> [Assignment]
Every entry in the data is to be written out exactly; no picture belongs in the copy.
☆ ☆ ☆ ☆ ☆
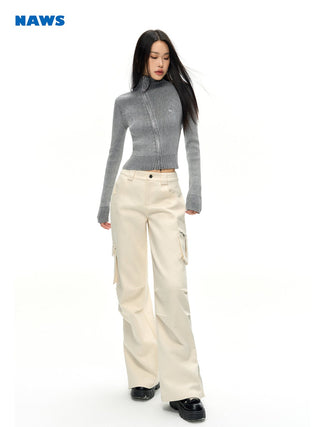 [NAWS] Denim Washed Slim Knitted Cardigan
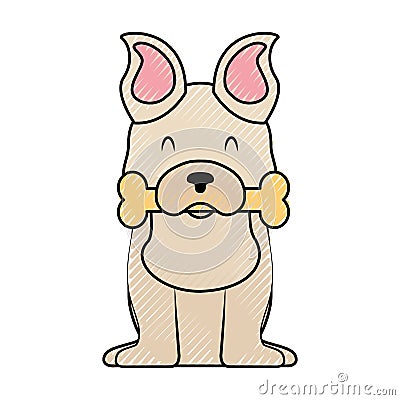 Cute dog mascot with bone Vector Illustration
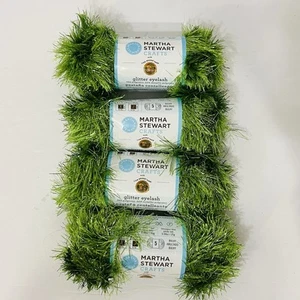 Lion Brand Martha Stewart Crafts Glitter Eyelash Yarn PERIDOT #530 Green - Picture 1 of 8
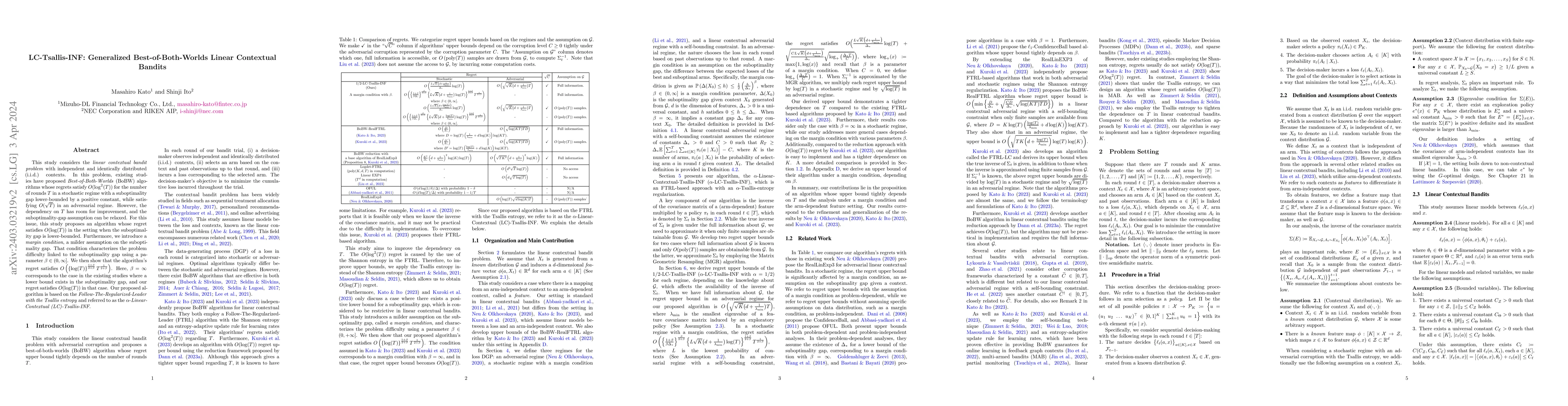 Thumbnail for LC-Tsallis-INF: Generalized Best-of-Both-Worlds Linear Contextual
  Bandits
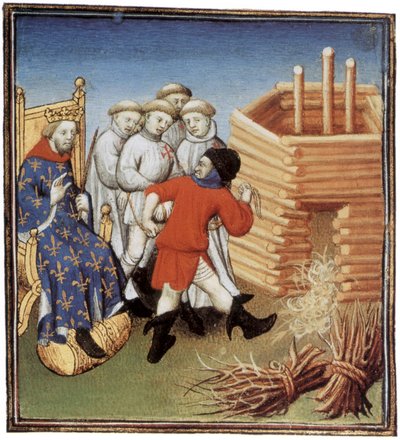 I Templari vengono giustiziati sotto lo sguardo del re francese Filippo IV il Bello nel 1310, miniatura da French School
☆ ☆ ☆ ☆ ☆
> [Result of the exercise]
 [NAWS] Denim Washed Slim Knitted Cardigan
 Cute dog mascot with bone Vector Illustration
 Lion Brand Martha Stewart Crafts Glitter Eyelash Yarn PERIDOT #530 Green - Picture 1 of 8
 Thumbnail for LC-Tsallis-INF: Generalized Best-of-Both-Worlds Linear Contextual
  Bandits
 I Templari vengono giustiziati sotto lo sguardo del re francese Filippo IV il Bello nel 1310, miniatura da French School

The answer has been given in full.